I turn to the other important aspect of electoral reform; that is, the voting system for the House of Commons. We are committed to the creation of an independent commission to consider what would be the best alternative to the existing first-past-the-post electoral system. We propose to honour that commitment. It is said that now that the Government have a large majority their passionate interest in reform will be dissipated. That is wholly and completely wrong. The Government intend to use their majority prudently and decently to ensure that they fulfil all their manifesto commitments, including the one to create an independent commission on the voting system for the Westminster Parliament and the commitment to give the people of the United Kingdom the chance to make their decision between the existing system and the recommended alternative.

My right honourable friend the Home Secretary, Mr. Straw, said recently in another place that work was in hand to establish the commission. It is. It is his intention to make an announcement about the commission this summer. We are currently considering matters such as the terms of reference and the composition. Careful attention is being given to the identity, for instance, of the chairman. It needs careful thought and there is the question of availability of suitable candidates, quite apart from the rest of the body. That is what the announcement will cover. I make a specific response to the question which was put to me by the noble Lord, Lord Rodgers of Quarry Bank. We intend that the commission should start its work in the autumn. The noble Lord took the view that the work may take six months. We believe that it will take longer than that. We believe that it will take about one year for the commission to complete its deliberations. The intention is that having started this autumn, it will report, outlining what it believes to be the best system for Westminster elections if we are to move away from first-past-the-post.

The independent commission will not be asked to recommend whether a change to proportional representation would be a good thing. It will be asked to consider to what system we should move if there is to be a change. The decision as to whether any such change should be made will be left to the people of the United Kingdom. Specifically, I assure your Lordships that there will be a referendum in which the people will be asked to choose between the current system and the system identified by the independent commission as the best possible alternative. A variety of views has been expressed on that topic this evening.

There are many different views about different mechanisms. Indeed, they are contained within the individual political parties. At the risk of being unduly disagreeable and tendentious, I suggest that the difference between this Government and the official Opposition is that we are willing to let the people decide. We do not regard ourselves as the masters of anything. I hope that we are constantly aware of the cautionary note that was sounded earlier that the possession of a large majority for the present is not a mandate for dictatorship. We are quite content to let the people have their will. I believe and say on behalf of the Government that the more one does that, the better the conclusion that endures and the healthier democratic life is.

The noble Baroness, Lady Hamwee, asked a specific question, which was echoed subsequently, about London. No decision has been made about how elections to the strategic authority for London should be conducted. We intend to publish a Green Paper. We positively invite and welcome all contributions to that debate.

It was said by the noble Earl, Lord Russell, that Mr.

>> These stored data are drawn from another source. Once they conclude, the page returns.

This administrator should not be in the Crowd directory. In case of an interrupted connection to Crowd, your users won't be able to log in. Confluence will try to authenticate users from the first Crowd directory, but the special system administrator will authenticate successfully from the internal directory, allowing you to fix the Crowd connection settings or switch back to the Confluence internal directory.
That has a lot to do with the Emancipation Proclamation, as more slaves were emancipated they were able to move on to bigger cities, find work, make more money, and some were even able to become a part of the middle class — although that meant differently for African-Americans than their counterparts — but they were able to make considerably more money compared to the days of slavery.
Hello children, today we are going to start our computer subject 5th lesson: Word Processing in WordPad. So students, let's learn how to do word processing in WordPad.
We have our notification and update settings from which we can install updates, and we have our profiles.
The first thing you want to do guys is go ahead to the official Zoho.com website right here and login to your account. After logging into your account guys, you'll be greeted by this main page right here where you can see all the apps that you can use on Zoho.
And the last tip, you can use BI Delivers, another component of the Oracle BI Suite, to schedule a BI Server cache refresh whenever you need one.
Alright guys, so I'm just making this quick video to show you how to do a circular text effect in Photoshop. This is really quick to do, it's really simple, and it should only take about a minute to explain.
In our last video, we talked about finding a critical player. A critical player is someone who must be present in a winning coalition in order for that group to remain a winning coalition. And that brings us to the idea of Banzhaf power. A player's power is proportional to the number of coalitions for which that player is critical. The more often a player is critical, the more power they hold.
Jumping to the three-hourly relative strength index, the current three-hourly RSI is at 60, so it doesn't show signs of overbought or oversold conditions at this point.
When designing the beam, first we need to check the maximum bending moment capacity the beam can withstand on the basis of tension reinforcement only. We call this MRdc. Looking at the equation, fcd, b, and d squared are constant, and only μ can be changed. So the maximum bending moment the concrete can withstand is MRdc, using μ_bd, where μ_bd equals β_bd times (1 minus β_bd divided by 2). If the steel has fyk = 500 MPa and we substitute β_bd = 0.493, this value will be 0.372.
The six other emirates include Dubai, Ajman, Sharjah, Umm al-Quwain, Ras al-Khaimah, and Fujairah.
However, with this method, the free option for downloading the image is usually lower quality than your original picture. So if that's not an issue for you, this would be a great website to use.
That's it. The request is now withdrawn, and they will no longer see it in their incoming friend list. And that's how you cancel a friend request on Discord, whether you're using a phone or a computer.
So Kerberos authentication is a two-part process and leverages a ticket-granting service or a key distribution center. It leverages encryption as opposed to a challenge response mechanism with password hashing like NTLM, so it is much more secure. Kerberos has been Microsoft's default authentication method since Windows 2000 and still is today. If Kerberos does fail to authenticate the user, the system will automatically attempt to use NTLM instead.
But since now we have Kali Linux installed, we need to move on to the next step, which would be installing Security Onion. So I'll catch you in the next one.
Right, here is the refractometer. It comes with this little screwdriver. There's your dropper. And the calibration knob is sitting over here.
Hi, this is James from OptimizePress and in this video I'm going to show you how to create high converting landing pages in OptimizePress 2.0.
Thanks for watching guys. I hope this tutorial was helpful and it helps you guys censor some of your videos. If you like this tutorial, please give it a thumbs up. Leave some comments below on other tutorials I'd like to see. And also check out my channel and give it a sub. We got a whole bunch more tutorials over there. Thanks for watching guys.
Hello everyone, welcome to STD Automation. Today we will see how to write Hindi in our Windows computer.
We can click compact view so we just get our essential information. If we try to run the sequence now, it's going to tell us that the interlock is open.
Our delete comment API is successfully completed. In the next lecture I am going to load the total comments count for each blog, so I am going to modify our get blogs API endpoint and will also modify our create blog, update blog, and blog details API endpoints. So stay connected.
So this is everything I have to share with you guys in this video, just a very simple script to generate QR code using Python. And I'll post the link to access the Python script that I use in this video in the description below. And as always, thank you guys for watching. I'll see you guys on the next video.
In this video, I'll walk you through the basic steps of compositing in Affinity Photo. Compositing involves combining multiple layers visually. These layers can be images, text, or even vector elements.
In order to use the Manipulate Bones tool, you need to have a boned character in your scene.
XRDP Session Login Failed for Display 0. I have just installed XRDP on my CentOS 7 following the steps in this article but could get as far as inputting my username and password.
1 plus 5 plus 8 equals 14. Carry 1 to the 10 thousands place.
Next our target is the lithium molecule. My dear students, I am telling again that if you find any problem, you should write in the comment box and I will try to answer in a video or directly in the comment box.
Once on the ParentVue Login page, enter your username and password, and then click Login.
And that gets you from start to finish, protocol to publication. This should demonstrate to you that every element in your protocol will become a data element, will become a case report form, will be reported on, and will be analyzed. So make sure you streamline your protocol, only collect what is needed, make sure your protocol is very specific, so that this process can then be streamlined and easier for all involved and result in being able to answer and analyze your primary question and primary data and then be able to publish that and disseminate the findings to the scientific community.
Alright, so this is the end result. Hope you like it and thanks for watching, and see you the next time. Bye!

Willetts had written a book saying that sometimes anomalies should be defended. The noble Viscount, Lord Astor, said that he had not read that book. I am sure that when he said that, he was not dissembling because if he has not read the book, he would not need to dissemble. But at all events, it is quite plain, as a moment's reflection would have demonstrated—and in any event, if a moment's reflection were absent, the noble Lord, Lord Alderdice, pointed it out—our present electoral arrangements are full of anomalies, as is the absence of them in your Lordships' House. I am sometimes tempted, when one is asked what is the answer to the West Lothian question, to say that one of the answers is the West Belfast question and I suppose that the other one, although I have great personal regard for him and always like to see his happy face, is the West Cranborne question.

The noble Viscount said that the Labour Party is divided internally on its views about some of those matters. Of course, that may be so. The Labour Party in the House of Commons is fortunate to be big enough to be divided, which I suppose one cannot really say about the Conservative Party. The noble Viscount, that purist to the nth degree, said that first-past-the-post is the only reliable solution. I suppose that that is why the Conservative Party leadership election was conducted on first-past-the-post, or have I slightly misread the three-stage election in which it indulged recently?

Viscount Astor

My Lords, I thank the noble Lord for giving way. He realises that in electing a leader of the Conservative Party, we were electing one leader not one plus two others to join him.

Lord Williams of Mostyn

My Lords, I am sure that there is a point lurking there but I cannot quite put my finger on it.

The noble Viscount suggested also that as a lawyer, now retired, I should not wish to be opaque. I must say that I found that grossly offensive. I thought that the whole purpose of being a lawyer was to be opaque at other people's expense.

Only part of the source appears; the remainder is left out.